I am currently a fiercely competitive and nationally ranked triathlete (81 in my age group as of last night). Of all the things that has happened to me as an adult, this is the one that has turned out to be most surprising. It was never one of those things that I had on any list. But it has turned out to be one of my primary ways to feel God's presence in my life. It brings me a deep sense of peace and well-being, makes me feel connected to the earth and to other people, and takes me outside of myself in a way that makes life more comprehensible when I get back to it.
I hated running when I was in elementary school and junior high. I'm not sure I can express how much I loathed the idea of running or in particular the dreaded mile run that we had to do every year. I felt torporously fat and ridiculously slow. At best I could run for one lap and then was reduced to that embarrassing, jiggling waddle that is an attempt to convince the gym teacher that you aren't just giving up. In high school, I joined the swim team specifically so I didn't ever have to ever go to a gym class or do the mile run. I wasn't any good at swimming, and you'd think I'd have been more self-conscious about my body in a swim suit, but I wasn't. I was a happy and mediocre swimmer for three years until I graduated from high school, went to college and could make my own choices in fitness.
I married young and from age 24 to 32 had five children. I did a minimum amount of exercise then, returning to the swimming pool because when pregnant, it made me feel the weight less. When I was done with having children, I signed up with a trainer at a local gym. In short order, I had lost a lot of body fat, looked very different, and felt like I could take on the world. That was when I did my first triathlon race, got first place in my age group and realized I might actually be good at something that was about the physicality of my body, a possibility that had truly never occurred to me before. I had grown up in a family of the geekiest of geeks. Our idea of exercise was carrying the box of books we'd checked out of the library up to the car every week before we got a new set and carried them down the stairs.
Suddenly, I was someone who found pleasure in working hard, in the drip of sweat as it cascaded over my face and down my elbows to my fingertips. I became one of those boring people who talked about races ALL THE TIME, if you let me. I'd tell you all the things I had done wrong, my goals for the coming year, my A race, my B races, the races I was doing with my husband and kids, and on and on. It might sound trivial to a casual observer, but racing had become my salvation. It had become my way of really praying to God, feeling His hand in my life, and worshiping Him and His creations. Running was my way of offering gratitude for the world and for my own body, my life, and the life of my children. It was also my way of weeping, of expressing anger at the death of my youngest child, and my way of showing my faith that life would go on and that I would go on and learn to conquer this most unconquerable of trials.

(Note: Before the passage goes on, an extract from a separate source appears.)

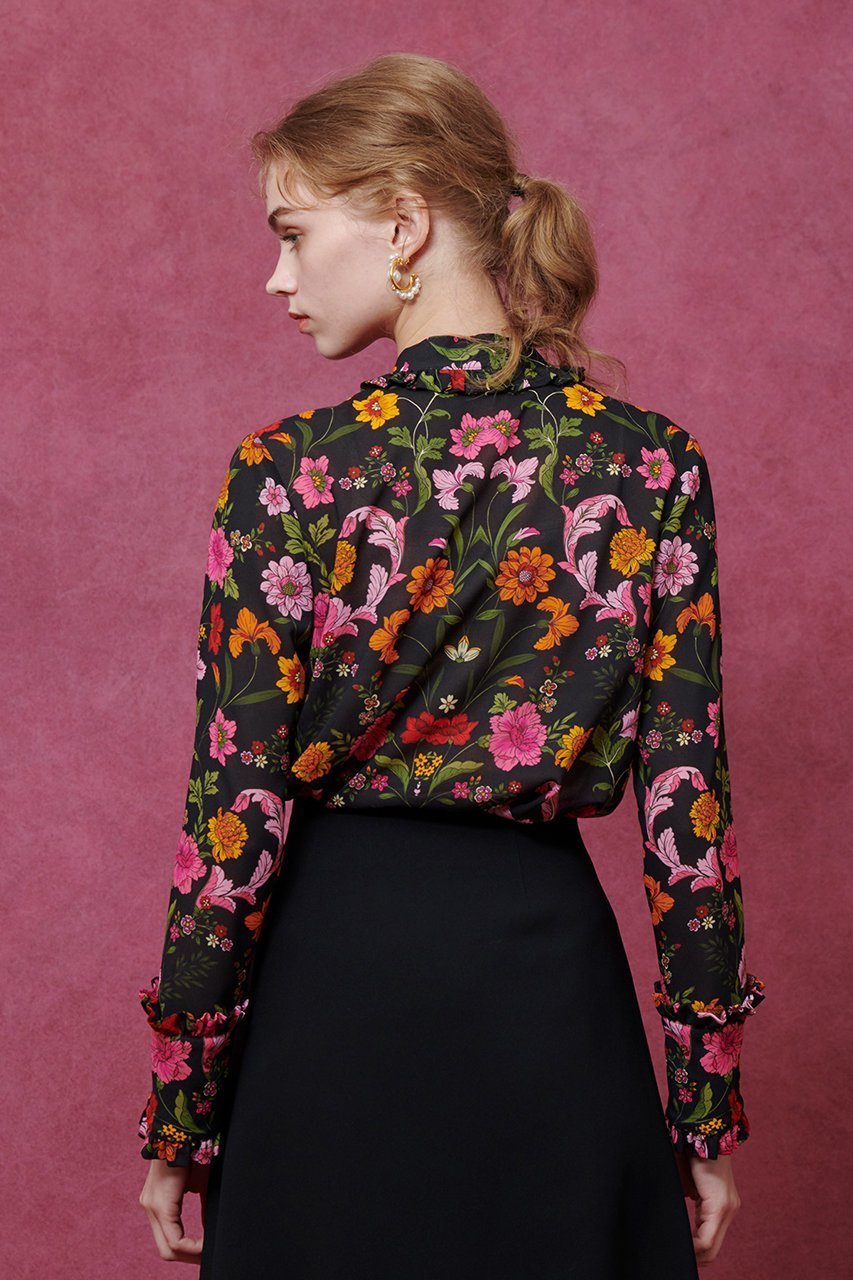 【アルアバイル/allureville】の【Loulou Willoughby】シンメトリーフラワーリボンブラウス 人気、トレンドファッション・服の通販 founy(ファニー) ファッション Fashion レディースファッション Fashion for Women トップス・カットソー Cut & Sew Tops シャツ・ブラウス・オフィスカジュアル Elegant Blouses & Button-Ups エレガント 上品 Elegant シンプル Simple, Minimal スリーブ Sleeve, Long Sleeve / Short Sleeve フラワー Flower, Floral プリント Print, Printed Pattern ロング Long, Long-Length A/W・秋冬 Autumn/Winter other-8|ID: prp329100004742379 ipo3291000000034565805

Some people talk about a "running high" that they only get sometimes, but what I crave I get every time. It happens when I'm on the treadmill or out viewing the most gorgeous scenery that is available in Utah, on Antelope Island or in Zion National Park. What I feel is this sense of connection to my body. As a writer who sits on a computer and types away in imaginary worlds, having conversations with imaginary people, it would be an understatement to say that most of the time, I am not in touch with my body. But when I run, I can't help but feel every step, every jolt, every pain. And that is a glorious thing. It's not pleasure, but a sense of being alive.
Running makes me pay more attention to what was already going on around me in the first place. I won't say that it feels like time stops because it doesn't. But it feels like time runs differently. It feels like the rest of the world fades away. It feels like my responsibilities slough off of me, like I become just me, instead of mom, writer, organizer, teacher, and so on. I feel like this is seeing myself the way that God must see me, just me in my naked state. And yes, it is scary to see myself that way, with all my flaws and warts and the way that you hit a certain point during the marathon of an Ironman and realize that you are nothing, that you may not be able to take another step. It feels real to me.
Running is where I feel God because running is where I find myself. It is also where I break down and can't go any farther and need help most desperately. It's where I focus on my own body and the reality of mortality, that I'm going to live in this world for a little while, and if I want to really live, I'm going to take risks and sometimes fail. Running is where I really see how much the same I am as other people, whatever they do in their day job. I see them as fellow runners, and in that sense, as brothers and sisters and blessed in our joint endeavors.
When I run, I feel joyful because I welcome the pain and grit my teeth and accept what is to come instead of trying to think my way out of it. I think all of those things are part of living a faith-filled life, and that is why I am always going to think of my athletic life as the best church I will ever attend and of other runners as worshippers of the same God, in the same faith, in the biggest church building in the world.